Aim of the exercise =>
With the line containing "Intenso Hörgerätebatterien PR48" as the start and the line containing "Texture Mosaïque Triangle" as the end, transcribe that span of the entries below exactly, including both.

Extracted information =>

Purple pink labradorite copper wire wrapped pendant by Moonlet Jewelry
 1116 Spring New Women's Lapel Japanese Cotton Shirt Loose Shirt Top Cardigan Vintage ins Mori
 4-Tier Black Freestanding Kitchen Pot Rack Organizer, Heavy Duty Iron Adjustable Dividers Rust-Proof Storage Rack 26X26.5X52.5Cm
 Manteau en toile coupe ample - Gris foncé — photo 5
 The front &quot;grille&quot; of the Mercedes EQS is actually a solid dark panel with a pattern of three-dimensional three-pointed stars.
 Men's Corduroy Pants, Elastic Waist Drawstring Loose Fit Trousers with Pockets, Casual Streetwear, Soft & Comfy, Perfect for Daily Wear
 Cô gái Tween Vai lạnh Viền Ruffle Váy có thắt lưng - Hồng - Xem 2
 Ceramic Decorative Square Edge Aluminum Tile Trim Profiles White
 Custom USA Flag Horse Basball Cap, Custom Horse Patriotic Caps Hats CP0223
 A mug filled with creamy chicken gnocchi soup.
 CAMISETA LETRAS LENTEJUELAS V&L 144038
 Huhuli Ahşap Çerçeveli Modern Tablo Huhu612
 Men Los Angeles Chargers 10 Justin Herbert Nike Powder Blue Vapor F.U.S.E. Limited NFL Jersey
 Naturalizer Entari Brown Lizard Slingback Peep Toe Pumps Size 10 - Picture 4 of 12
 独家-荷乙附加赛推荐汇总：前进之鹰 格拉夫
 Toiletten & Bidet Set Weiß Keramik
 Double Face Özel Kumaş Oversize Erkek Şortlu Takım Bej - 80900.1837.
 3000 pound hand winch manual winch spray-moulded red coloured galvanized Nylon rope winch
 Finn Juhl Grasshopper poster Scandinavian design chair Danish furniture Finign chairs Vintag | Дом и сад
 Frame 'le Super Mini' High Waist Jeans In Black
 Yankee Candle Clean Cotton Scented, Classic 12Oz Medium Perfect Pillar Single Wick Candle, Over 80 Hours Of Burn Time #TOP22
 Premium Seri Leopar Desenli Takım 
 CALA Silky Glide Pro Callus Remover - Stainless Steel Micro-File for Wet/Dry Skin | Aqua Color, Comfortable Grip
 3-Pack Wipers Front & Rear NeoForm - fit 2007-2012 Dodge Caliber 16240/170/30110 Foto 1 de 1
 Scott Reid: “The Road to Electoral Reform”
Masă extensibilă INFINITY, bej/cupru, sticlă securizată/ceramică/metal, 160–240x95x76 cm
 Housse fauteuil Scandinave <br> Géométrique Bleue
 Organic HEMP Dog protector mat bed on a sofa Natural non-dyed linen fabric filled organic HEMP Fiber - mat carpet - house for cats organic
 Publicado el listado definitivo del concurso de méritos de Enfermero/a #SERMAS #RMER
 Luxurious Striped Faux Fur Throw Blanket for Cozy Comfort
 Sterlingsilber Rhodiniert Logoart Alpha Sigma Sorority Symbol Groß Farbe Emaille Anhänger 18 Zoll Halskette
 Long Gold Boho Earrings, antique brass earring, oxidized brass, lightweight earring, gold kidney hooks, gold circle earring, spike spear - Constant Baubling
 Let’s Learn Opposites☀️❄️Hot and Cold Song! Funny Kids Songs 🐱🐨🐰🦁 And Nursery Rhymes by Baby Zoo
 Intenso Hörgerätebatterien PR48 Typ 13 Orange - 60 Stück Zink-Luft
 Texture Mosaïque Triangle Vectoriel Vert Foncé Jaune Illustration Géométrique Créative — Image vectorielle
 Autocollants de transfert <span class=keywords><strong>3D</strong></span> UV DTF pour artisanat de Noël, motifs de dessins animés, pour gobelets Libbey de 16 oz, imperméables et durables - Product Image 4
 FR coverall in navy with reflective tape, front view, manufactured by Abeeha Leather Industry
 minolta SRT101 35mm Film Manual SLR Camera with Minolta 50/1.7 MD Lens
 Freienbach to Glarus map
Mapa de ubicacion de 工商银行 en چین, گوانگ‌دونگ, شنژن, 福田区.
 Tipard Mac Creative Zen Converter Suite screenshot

Result of this exercise =>
 Intenso Hörgerätebatterien PR48 Typ 13 Orange - 60 Stück Zink-Luft
 Texture Mosaïque Triangle Vectoriel Vert Foncé Jaune Illustration Géométrique Créative — Image vectorielle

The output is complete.